Recently on the Buffer blog, Kevan Lee confessed, “We’ve Lost Nearly Half of Our Social Referral Traffic in the Last 12 Months.”
That’s a big admission, and one that attracted plenty of attention. At last count, his post earned thousands of social shares and 372 comments. Clearly, Kevan’s concern struck a chord among readers. They eagerly offered all kinds of advice for increasing traffic and tips for improving performance.
I read Kevan’s post with a different perspective. It was a great article and I applaud his candor, but what captured my interest was the question he didn’t ask.
What’s the Right Question?
Certainly losing social traffic can be a cause for concern, but what’s most critical to social media success is not how many clicks it drives. It’s whether you’re accomplishing your business goals.
While their approach to social media has matured considerably, I still see many business leaders caught up in the numbers.

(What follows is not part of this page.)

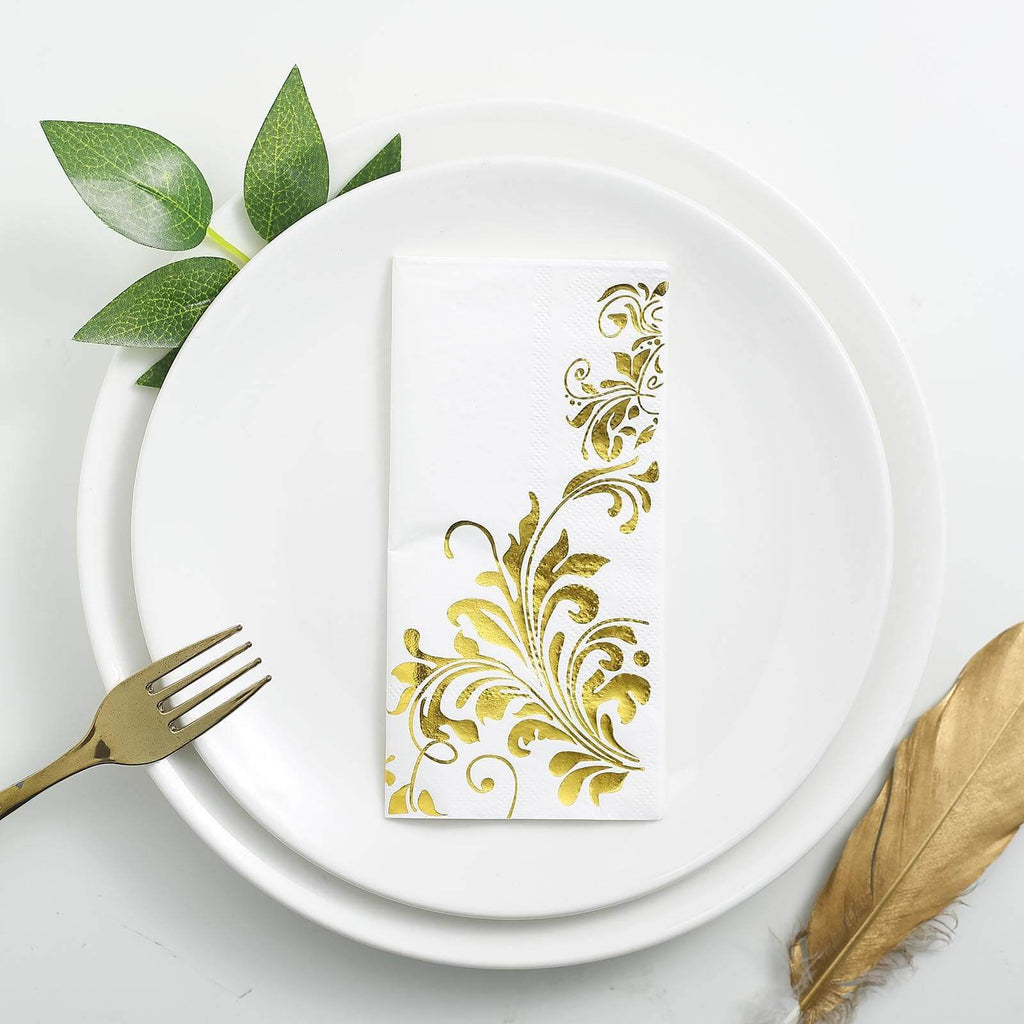 20-Pack Paper Dinner Napkins with Floral Design Metallic Gold - Disposable 3 Ply Cocktail Napkins for Weddings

They want to win the popularity contest that swirls around social media. They crave “likes” as a benchmark for perceived success. (Even Twitter is giving up “Favorite” in favor of “Like.”)
Asking why your referral traffic is down, or why “Likes” are declining is really the wrong question. It values quantity over quality. It ignores strategy. It assume that all social referrals are equal.
What You Should Be Tracking
Social media without strategy is simply a hobby, and a time-consuming one at that.
It’s vanity to expect likes and shares and comments without delivering something meaningful to people who matter to your business. It’s a waste of resources to pursue traffic and referrals without being clear on what you hope to accomplish.
I’m not suggesting that Buffer doesn’t have a clear social strategy. Kevan didn’t mention it in his post, so I don’t know if they have clear goals for their social network activity, or what they might be. Is Buffer, like many others, seeking traffic for the sake of racking up social points?
Start with Strategy
Whenever I meet with a client who is worried about social media, I always guide them back to their business strategy, asking, “Why social media?”
In the purest sense, social media is a tool connect with people. Whether they’re prospects, buyers, stakeholders, investors or users, it’s essential to understand who you’re trying to reach and why.
Once you know that, you can decide if social is the best way to reach them. If it is, make informed decisions about which social networks to use, and what to share. Do you need to focus on creating original content? Curating relevant posts? Cultivating community? Engaging prospects and helping them along their customer journey?
These choices will be shaped by our objectives, adding meaning and intention to your social activity.
With a strategy in place, you have the framework to measure results. Once you know what you’re trying to accomplish, it’s a lot easier to know if you’re doing it!
Even with a great strategy, things change. Every business is dynamic. As market environment evolves, the nature of your metrics will shift. What was an exceptional result last year could look mediocre this year.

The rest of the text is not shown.